• Around half of OECD countries have already begun increasing pension ages or plan to do so in the future: 18 countries for women and 14 countries for men. Recent increases in pensionable ages have often proved controversial because of their greater visibility to politicians and voters. By 2050, the average pensionable age in OECD countries will reach nearly 65 for both sexes: an increase of nearly 2.5 years for men and 4 years for women on 2010. However, life expectancy is projected to grow faster than these increases in pension age. Life expectancy at pensionable age is forecast to increase by about 3 years for men and 2.5 years for women between 2010 and 2050.

  • This chapter examines labour-market behaviour of older workers, their pattern across countries and over time.
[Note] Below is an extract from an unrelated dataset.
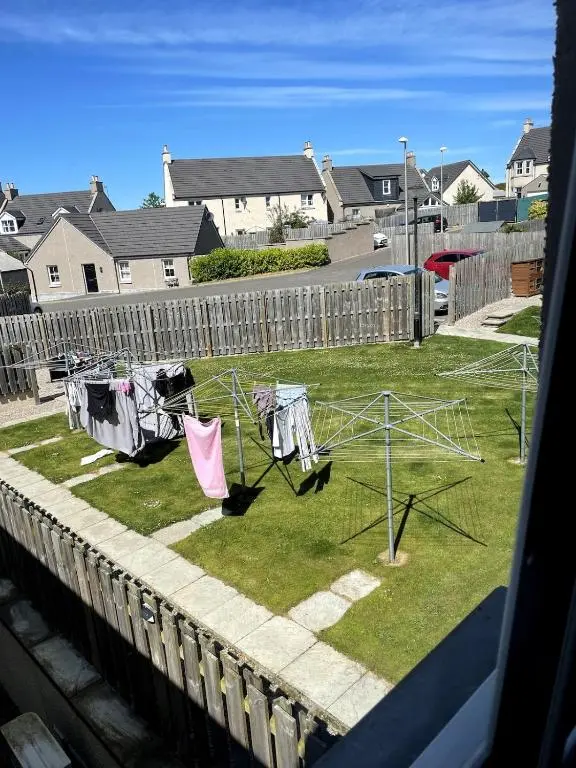 a yard with clothes drying on a clothes line at Spacious Flat in Aberdeenshire in Insch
There was a strong trend to early retirement throughout the 1970s and 1980s. However, this came to an end in the mid 1990s, and during the 2000s, the proportion of 50-64 years olds participating in the labour market has started to creep up. A detailed analysis of pathways into retirement suggest that at least half of men use routes such as unemployment, sickness or disability benefits in half of countries. Women also often leave the labour market to care for family members. Older workers appear to have fared relatively well in the economic downturn that followed the global financial crisis in most OECD countries. This contrasts with previous recessions, where older workers were often the first to lose their jobs and found it hardest to find new employment. A decomposition of governments’ long-term projections of the finance of the pension system shows that these are highly dependent on further increases in participation rates at older ages and effective retirement ages.
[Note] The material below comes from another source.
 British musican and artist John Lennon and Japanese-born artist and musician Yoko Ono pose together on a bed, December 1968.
  • Individuals’ decisions about work and retirement depend on the financial incentives embedded in retirement-income systems. This chapter presents measures of the pension incentive to retire, showing how the retirement income system can act as an implicit tax or subsidy on remaining in work. The analysis looks at the main retirement “window” in OECD countries, from age 60 to 65. In addition to increases in pensionable ages (set out in Chapter 1), recent pension reforms in most countries have involved policies to reduce the incentive to retire early and increase the incentive to retire after the normal pension age. However, the incentive to retire early remains strong in a minority of OECD countries. And there are ways in which most countries could further improve their pension system. The chapter concludes with nine policy conclusions that would reward people for working longer.
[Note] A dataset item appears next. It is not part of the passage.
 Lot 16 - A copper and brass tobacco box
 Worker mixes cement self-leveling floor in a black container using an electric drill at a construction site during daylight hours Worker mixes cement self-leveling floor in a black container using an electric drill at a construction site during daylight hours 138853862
  • The financial incentives in pension systems, explored in Chapter 3, undoubtedly play an important role in retirement decisions. But if there are barriers to working longer on the demand side, pension reforms designed to improve work incentives may be less effective. This chapter describes various barriers affecting employers and employees and what might be done to tackle them. There are still ageist attitudes among employers, particularly over the ability of older workers to adapt to change. Legislation against age discrimination and public-information campaigns have been effective in some, but by no means all, countries that have adopted these policies. In some countries, older workers cost too much and early retirement provides an all-too convenient way of adjusting the size of the workforce. Strict employment-protection legislation can make it costly to hire older workers. Employment opportunities of older workers may be limited because their skills have become devalued or they receive little help in finding new jobs. Available employment opportunities may be unattractive because of poor working conditions or unsuitable and inflexible working-time arrangements. Finally, this chapter discusses the issue of jobs for younger and older workers. It finds that there is no evidence that older workers deprive youths of jobs. In fact, the reverse is true.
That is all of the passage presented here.